Deploying Custom Models as NIM#

Riva ASR NIM handles deployments of full pipelines that can be composed of one or more supported NVIDIA NeMo models and other pre-/post-processing components. These pipelines must be exported to an efficient inference engine and optimized for the target platform. Therefore, the Riva NIM server cannot directly use unsupported NVIDIA NeMo models because they represent only a single model.

The process of gathering all the required artifacts (for example, models, files, configurations, and user settings) and generating the inference engines is referred to as the Riva model repository generation. The Riva ASR NIM Docker images have all the necessary tools to generate the Riva model repository.

Phase 1: The development phase. To create a model in Riva, the model checkpoints must be converted to .riva format. You can further develop these .riva models using NeMo. For more information, refer to the Model Development with NeMo section.

Phase 2: The build phase. During the build phase, all the necessary artifacts (models, files, configurations, and user settings) required to deploy a Riva service are gathered into an intermediate file called RMIR (Riva Model Intermediate Representation). For more information, refer to the Riva Build section.

Phase 3: The deploy phase. During the deploy phase, the RMIR file is converted into the Riva model repository and the neural networks in the NeMo format is exported and optimized to run on the target platform. The deploy phase should be executed on the physical cluster on which the Riva server is deployed. For more information, refer to the Riva Deploy section.

Model Development with NeMo#

NVIDIA NeMo is an open-source PyTorch-based toolkit for research in conversational AI that exposes more of the model and PyTorch internals. Riva supports importing supported models trained in NeMo.

Note

For more information, refer to the NVIDIA/NeMo GitHub repository.

Export Models with NeMo2Riva#

Models trained in NVIDIA NeMo are in the .nemo format. To use these models in Riva, convert the model checkpoints to the .riva format for building and deploying with Riva using the nemo2riva tool. The nemo2riva tool is packaged and available from the Python PyPI.

Refer to the nemo2riva README for detailed instructions on exporting different model architectures from .nemo to .riva format.

Riva Build#

The riva-build tool is responsible for deployment preparation. Its output is an intermediate format (called an RMIR) of an end-to-end pipeline for the supported services within Riva.

Launch an interactive session inside the NIM image of the model you want to deploy.

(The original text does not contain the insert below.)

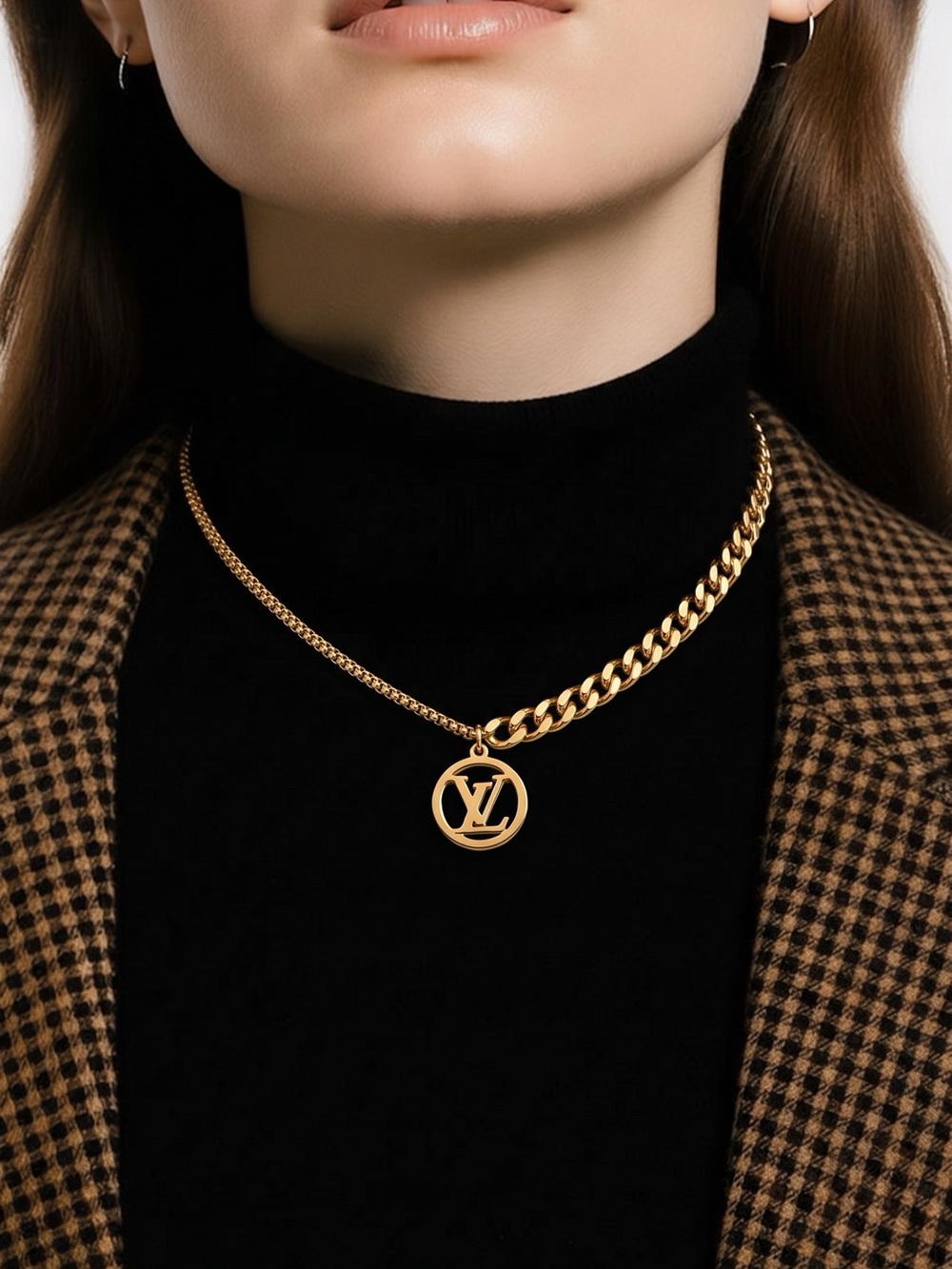 Stainless steel Fashion Jewelry Gold Mixed-Link Necklace with Round Pendant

# Create the cache directory on the host machine:
 export NIM_EXPORT_PATH=~/nim_export
 mkdir -p $NIM_EXPORT_PATH
 chmod 777 $NIM_EXPORT_PATH
# Set the appropriate value
 export CONTAINER_ID=parakeet-1-1b-ctc-en-us
 docker run --gpus all -it --rm \
     -v <artifact_dir>:/riva_build_deploy \
     -v $NIM_EXPORT_PATH:/model_tar \
     --entrypoint="/bin/bash" \
     --name riva-build-deploy \
     nvcr.io/nim/nvidia/$CONTAINER_ID:latest

where:

<artifact_dir> is the folder or Docker volume that contains the .riva file and other artifacts required to prepare the Riva model repository.

Run the riva-build command from within the container.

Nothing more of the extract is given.